Jelang peringatan Kemerdekaan Indonesia, viral di media sosial tentang aksi pengibaran simbol bajak laut dalam bentuk bendera yang diambil dari serial anime Jepang, One Piece. Bagi sebagian orang, pengibaran bendera yang merujuk pada simbol Jolly Roger -tengkorak berlatar warna hitam- itu sebagai simbol kritik dan protes dari rakyat yang jenuh atas berbagai kondisi negara saat ini yang dinilai jauh dari keadilan.
Namun, pemerintah melalui Menko Polkam Budi Gunawan tegas melarang pengibaran bendera itu dan menyebut ada ancaman sanksi pidananya. Sebab, hal itu dianggap melanggar Undang-Undang.

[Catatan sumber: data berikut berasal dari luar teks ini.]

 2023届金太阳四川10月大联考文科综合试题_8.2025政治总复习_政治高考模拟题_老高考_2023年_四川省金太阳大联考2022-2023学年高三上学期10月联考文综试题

Terkait hal itu, pengajar hukum pidana dari Universitas Jember (UNEJ), Fiska Maulidian Nugroho, kepada K Radio, Rabu (6/8/25) menilai, persoalan ini perlu dilihat secara hati-hati dalam perspektif hukum pidana. Sebab, tak semua tindakan yang tampak seperti provokatif bisa langsung dikategorikan sebagai pelanggaran hukum.
Fiska mengakui, Pasal 66 UU Nomor 24 Tahun 2009 tentang Bendera, Bahasa, dan Lambang Negara memang ada ancaman pidana bagi setiap orang yang melakukan perbuatan dengan maksud menodai atau merendahkan kehormatan bendera negara. Namun, penafsiran soal maksud itu tak bisa sembarangan.

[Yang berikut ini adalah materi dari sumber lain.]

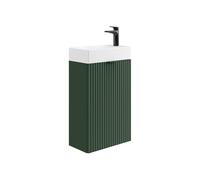 Meuble lave main strié porte réversible vert - H60 x L40 x P22 - VAHIRA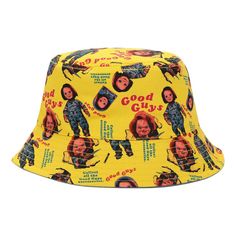 Stay on-trend with this officially licensed Chucky bucket hat! This versatile bucket hat is not only stylish but also reversible, offering two distinct looks in one. On one side, you'll find a denim design featuring the iconic "Good Guys" logo, perfect for showcasing your love for the notorious killer doll. The other side boasts a rolling print of Chucky himself, adding a touch of horror charm to your outfit. Crafted from cotton twill, this bucket hat ensures comfort and durability. For easy mai Trendy Streetwear Bucket Hat With Letter Print, Casual Reversible Bucket Hat, Trendy Reversible Bucket Hat, Fun Reversible Bucket Hat, Reversible Cotton Bucket Hat, Retro Reversible Hat With Curved Brim, Trendy Reversible Cap, Trendy Reversible Cotton Hat, Trendy Cotton Reversible Hat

Fiska mengingatkan, pendekatan hukum pidana sebaiknya menjadi langkah terakhir. Pemerintah disarankan untuk lebih mengedepankan mitigasi dan edukasi terkait masalah bendera One Piece di masa peringatan kemerdekaan.
Menurutnya, penggunaan pasal pidana secara sempit justru bisa menimbulkan masalah baru.
Karena itu, Fiska menegaskan pentingnya memperkuat wawasan kebangsaan, terutama di tengah meningkatnya suhu politik global dan dalam negeri.
Di sisi lain, masyarakat disarankan untuk lebih bijak memaknai kebebasan berekspresi, dengan mempertimbangkan dampaknya terhadap masyarakat dan negara.
Pemidanaan terhadap mereka yang dianggap menghina merah putih, harus dibuktikan adanya niat jahat atau mens rea, yakni memang bermaksud untuk menghina atau merendahkan bendera negara. Sehingga jika sekadar mengibarkan bendera lain tanpa niat menggantikan simbol negara, maka belum tentu bisa dipidana.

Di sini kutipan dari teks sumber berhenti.